#### Exercise directions
Except for images, print the whole listing verbatim.

#### Input data
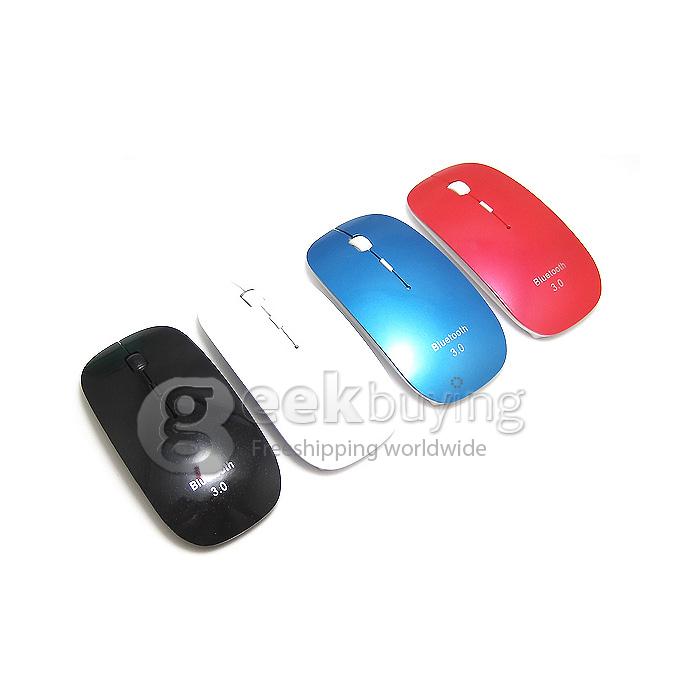Portable Ultrathin Bluetooth 3.0 Mouse for MAC/Windows 98/SE/2000/XP/Vista/Windows 7/Server 2003 Blue
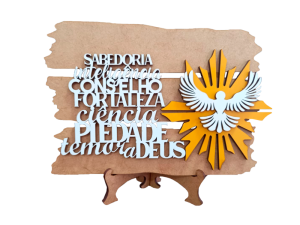 PF-010 - Quadro de Mesa 7 dons do Espírito Santo PF-010 - Quadro de Mesa 7 dons do Espírito Santo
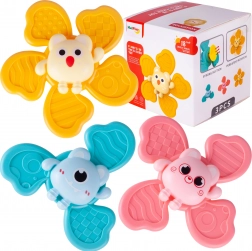 Set aus 3 Baby-Spinner-Rasseln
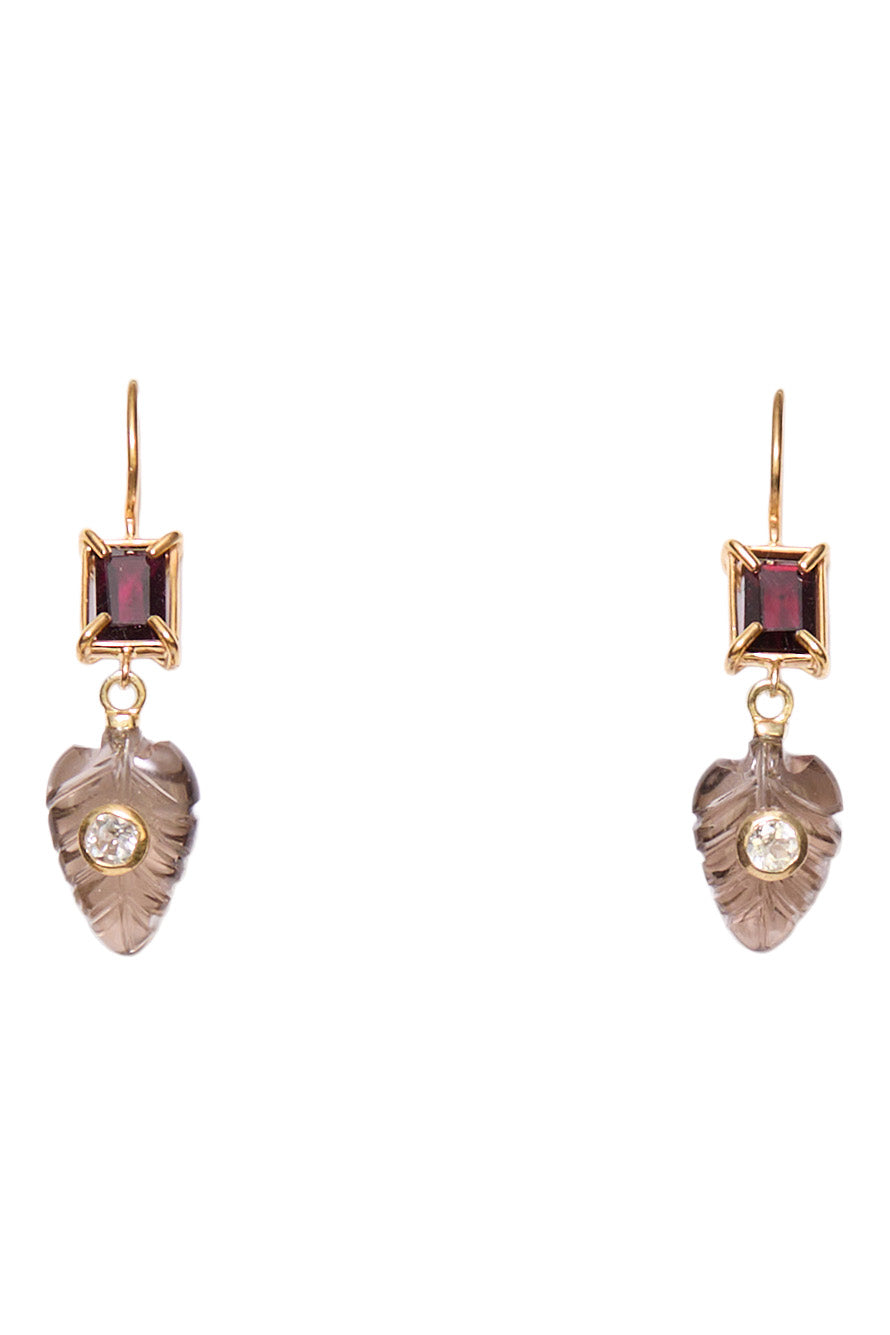 Chan Luu Smokey Quartz Earrings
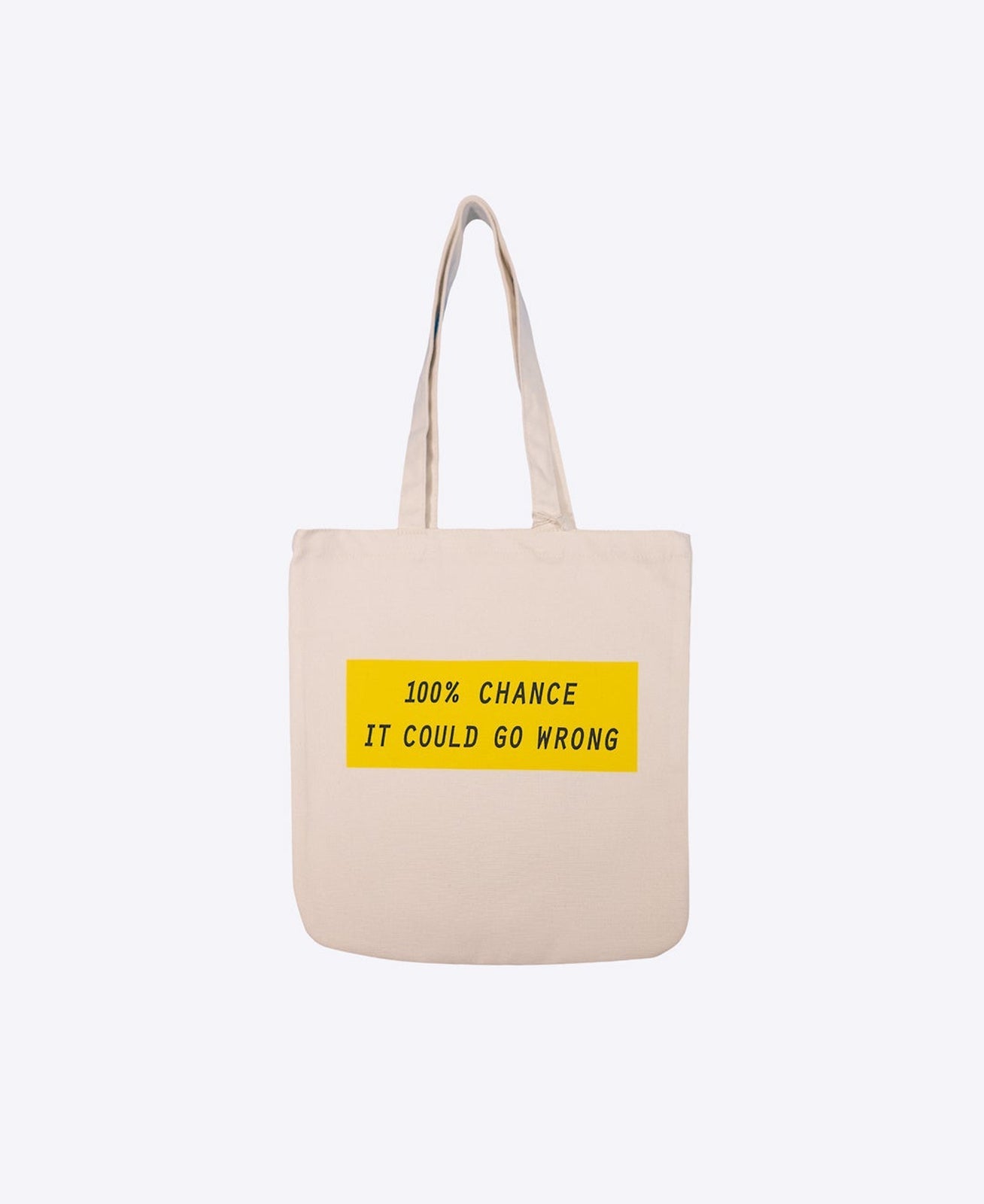 100 percent chance it could go wrong premium tote bag te koop in de webshop van Almost Summer Amsterdam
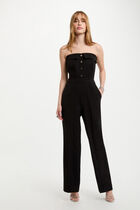 Bustier neckline jumpsuit black women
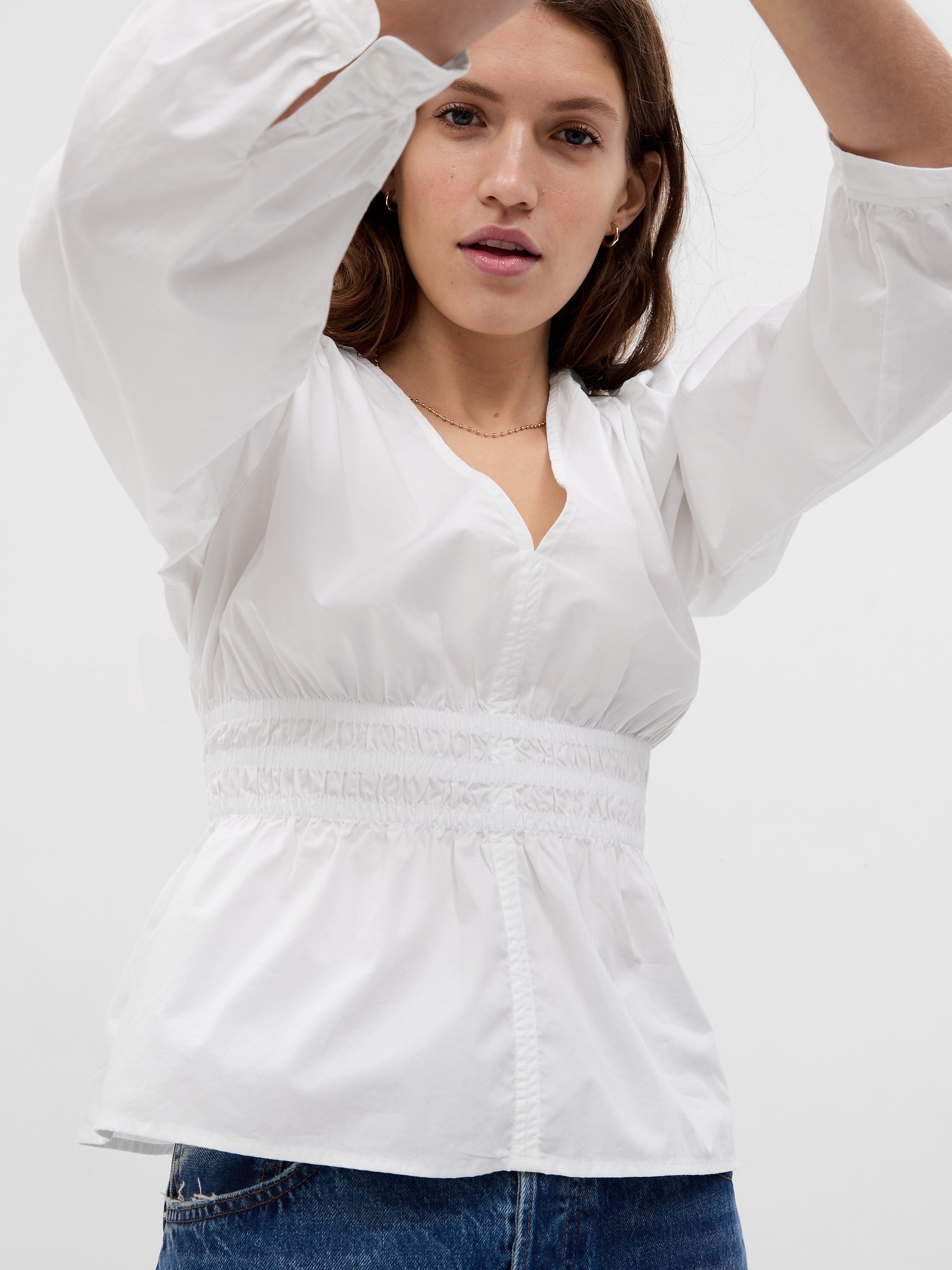 gap peplum top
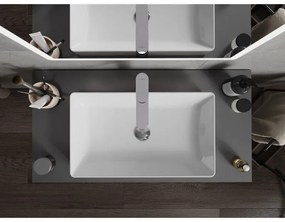 Mexen Nadia, umývadlo na dosku 60x35 cm, biela, 21616000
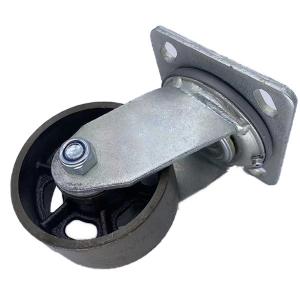 Quality 200MM Swivel High Temperature Caster Wheels Cast Iron Castors wholesale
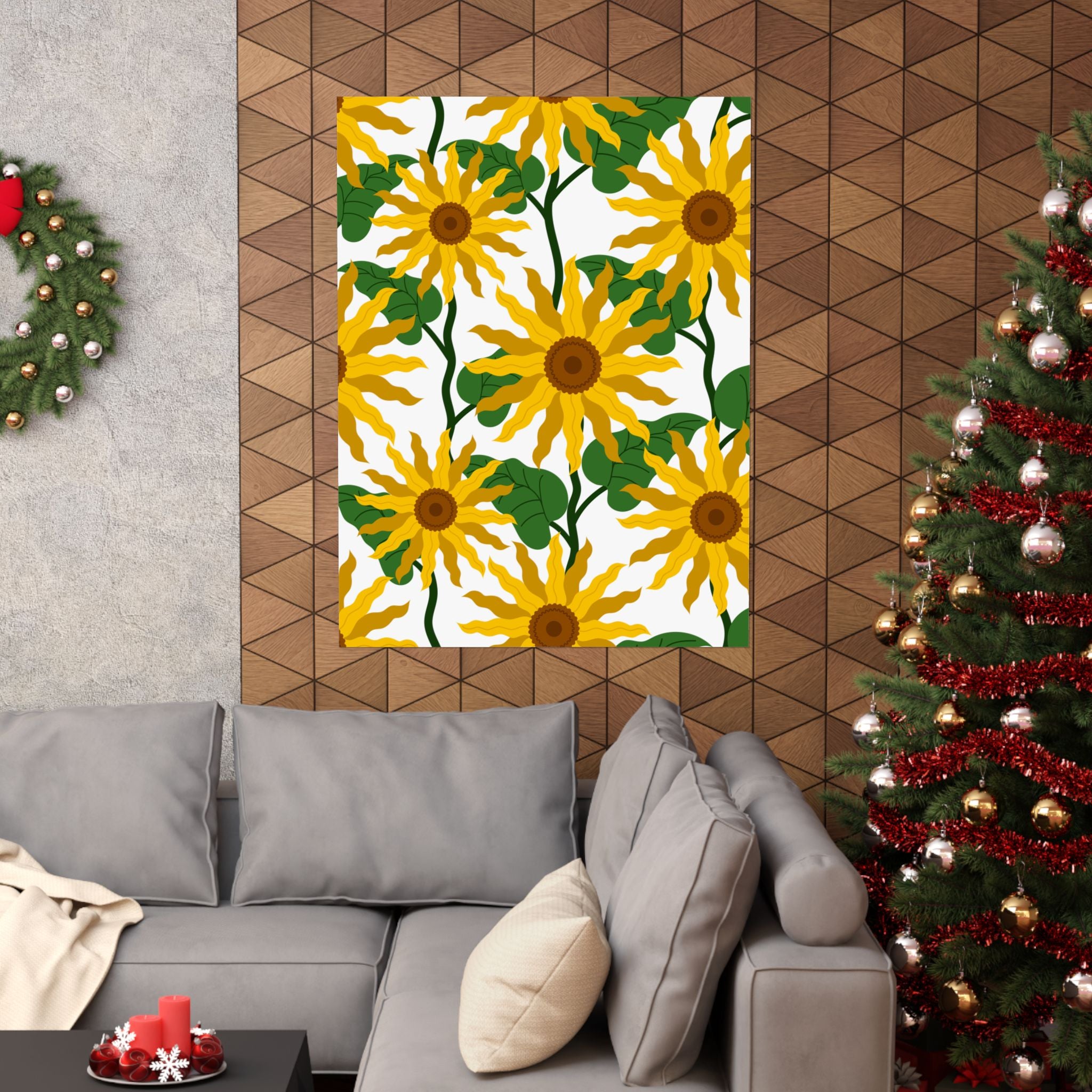 Bold Sunflower Poster - Floral Art Print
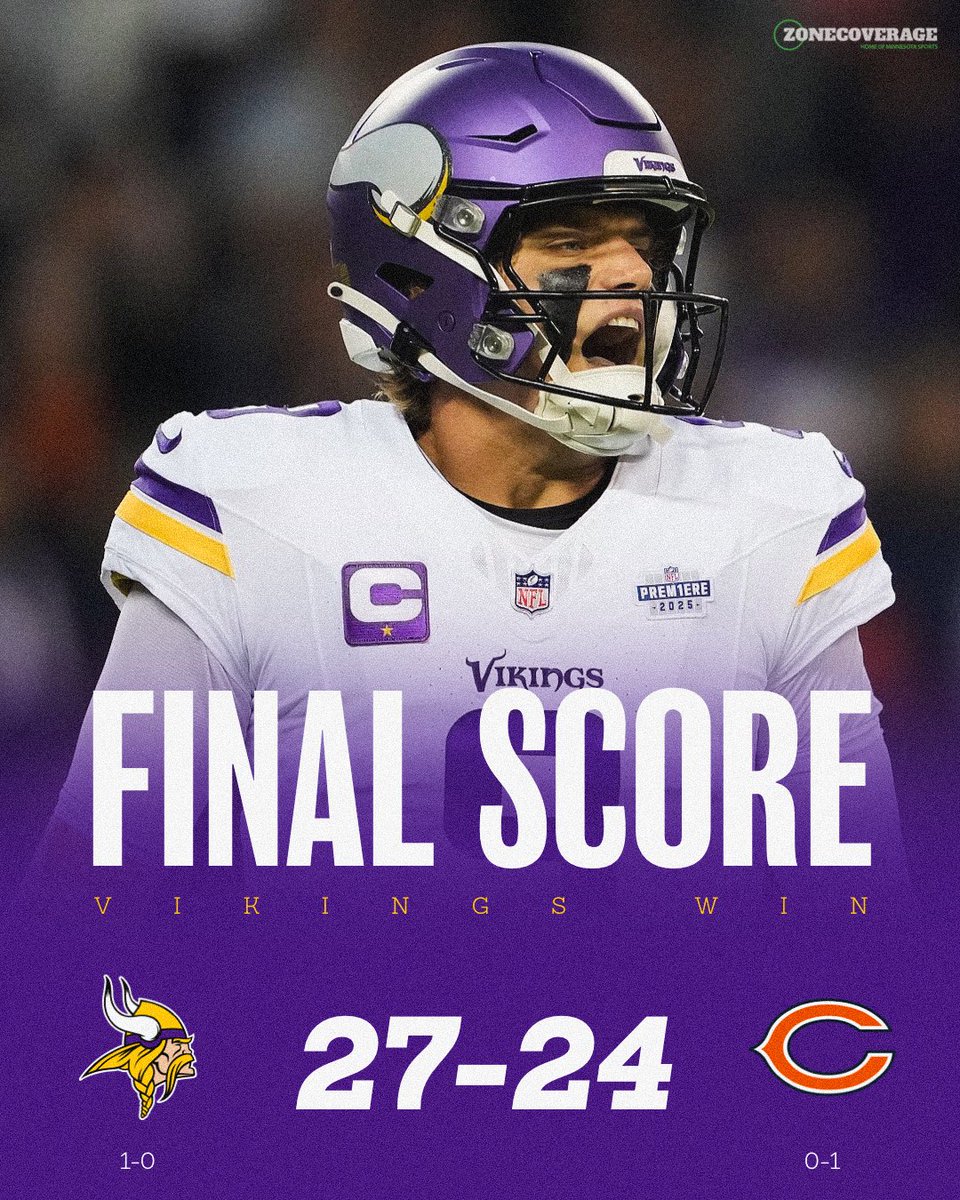 #VIKINGS WIN IN CHICAGO
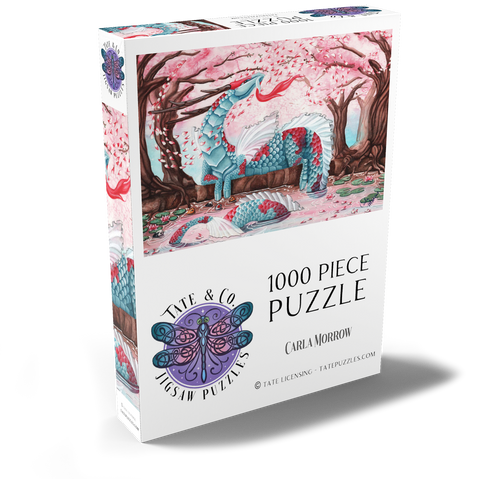 Darstellung des Puzzle Motivs Kirschblüten-Drache - Carla Morrow Cherry Blossom Dragon - Carla Morrow 1000 Puzzle Schachtel Ansicht2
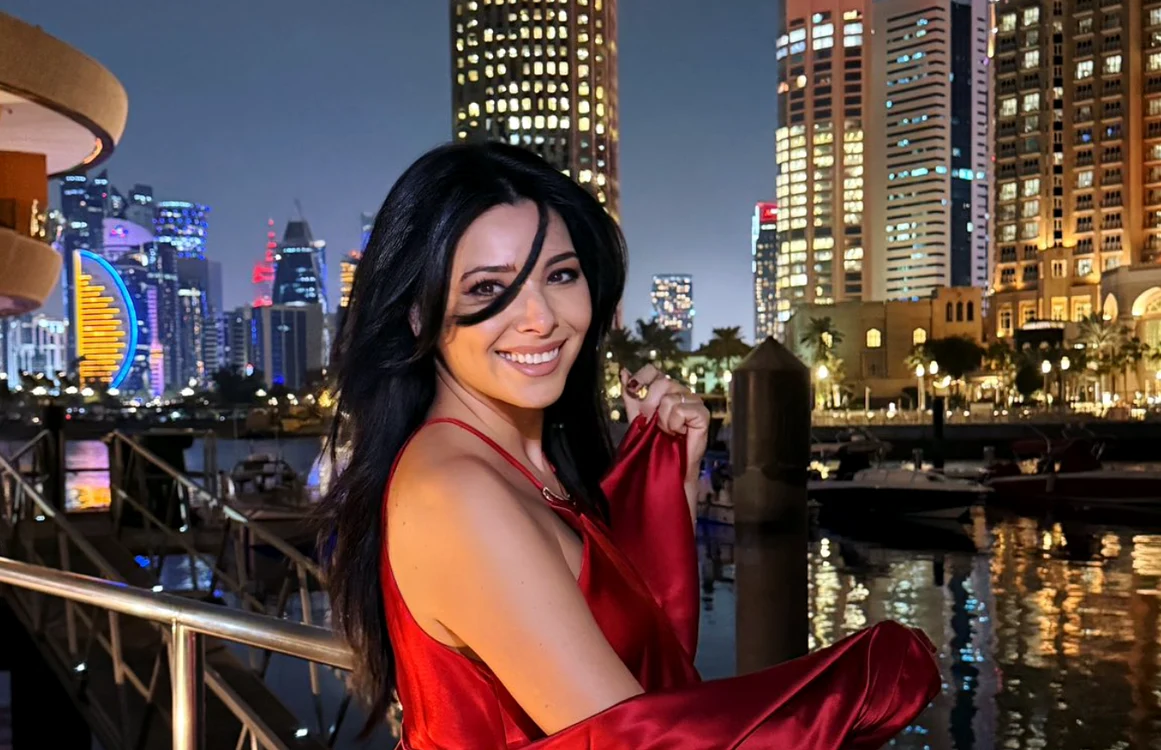 Corina Caragea în Doha. FOTO: Facebook/Corina Caragea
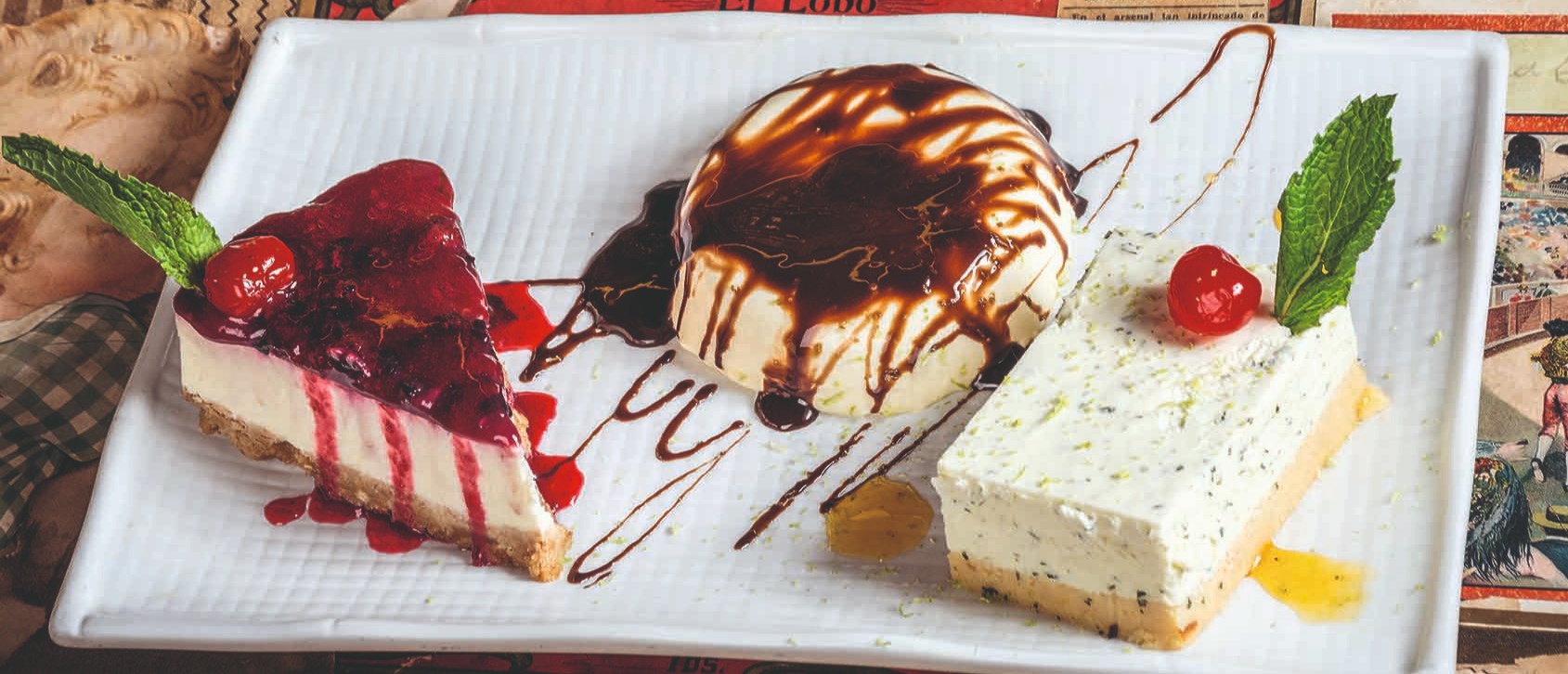 Arranged Food and Objects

#### Written solution
Portable Ultrathin Bluetooth 3.0 Mouse for MAC/Windows 98/SE/2000/XP/Vista/Windows 7/Server 2003 Blue
 PF-010 - Quadro de Mesa 7 dons do Espírito Santo PF-010 - Quadro de Mesa 7 dons do Espírito Santo
 Set aus 3 Baby-Spinner-Rasseln
 Chan Luu Smokey Quartz Earrings
 100 percent chance it could go wrong premium tote bag te koop in de webshop van Almost Summer Amsterdam
 Bustier neckline jumpsuit black women
 gap peplum top
 Mexen Nadia, umývadlo na dosku 60x35 cm, biela, 21616000
 Quality 200MM Swivel High Temperature Caster Wheels Cast Iron Castors wholesale
 Bold Sunflower Poster - Floral Art Print
 #VIKINGS WIN IN CHICAGO
 Darstellung des Puzzle Motivs Kirschblüten-Drache - Carla Morrow Cherry Blossom Dragon - Carla Morrow 1000 Puzzle Schachtel Ansicht2
 Corina Caragea în Doha. FOTO: Facebook/Corina Caragea
 Arranged Food and Objects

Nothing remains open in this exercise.